Portugal tem energia para data centers. Mas ele terá uma rede para conectá-los?

Por muito tempo, quando se falava em data centers, a discussão se concentrou principalmente na localização, no preço da terra, na proximidade de cabos submarinos e na estabilidade política.

Hoje, a equação mudou. A inteligência artificial, a computação em nuvem e o crescimento exponencial do volume de dados fizeram da energia o principal critério de decisão. Não basta mais ter espaço para construir. É necessário garantir eletricidade confiável, competitiva, escalável e disponível no momento em que o investimento deseja avançar.

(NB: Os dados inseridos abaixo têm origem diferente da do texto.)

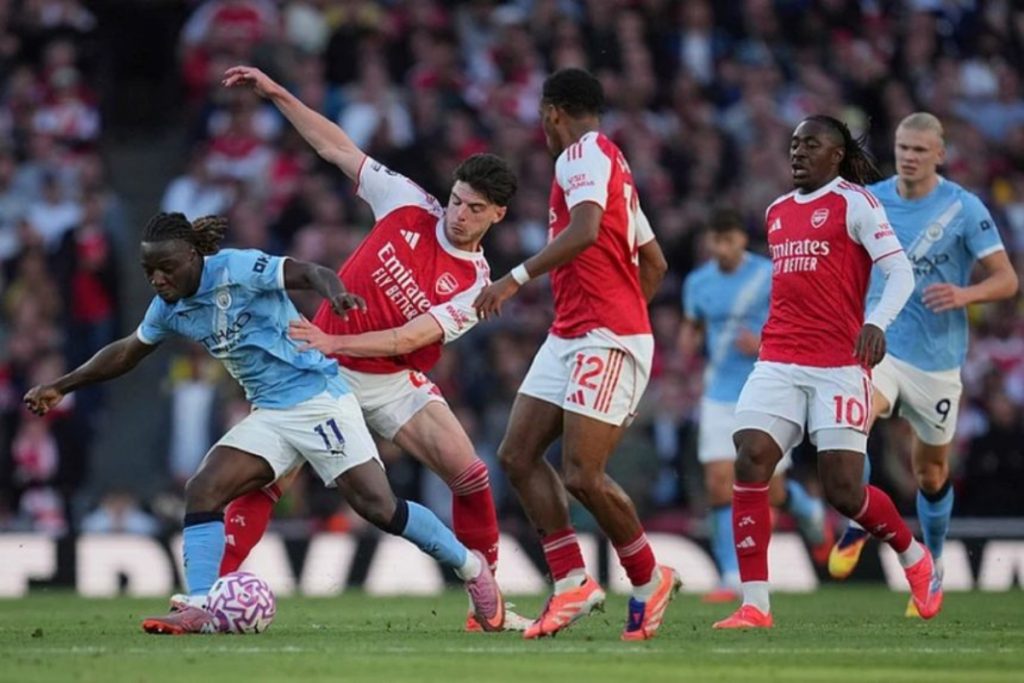 Man City Arsenal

O estudo Global Data Center Trends 2026 da CBRE deixa essa realidade muito clara. A capacidade instalada continua crescendo em várias regiões do mundo, mas a demanda está aumentando ainda mais rápido. Na Europa, os estoques dos quatro maiores mercados, Londres, Frankfurt, Paris e Amsterdã, cresceram 19% no primeiro trimestre. Ainda assim, as operadoras continuam procurando novos locais capazes de fornecer energia e capacidade de expansão. De acordo com a CBRE, os mercados europeus mais bem posicionados serão aqueles que podem oferecer eletricidade a preços competitivos, em escala e com condições reais de construção.

Portugal parece reunir quase todos os argumentos necessários. Temos uma produção renovável crescente, uma posição atlântica privilegiada, cabos submarinos, estabilidade, projetos terrestres e de grande escala já anunciados, especialmente em Sines. Também temos uma rara oportunidade de conectar energia limpa, infraestrutura digital e investimento internacional em uma nova plataforma econômica. Mas há uma diferença decisiva entre produzir energia e ser capaz de entregá-la.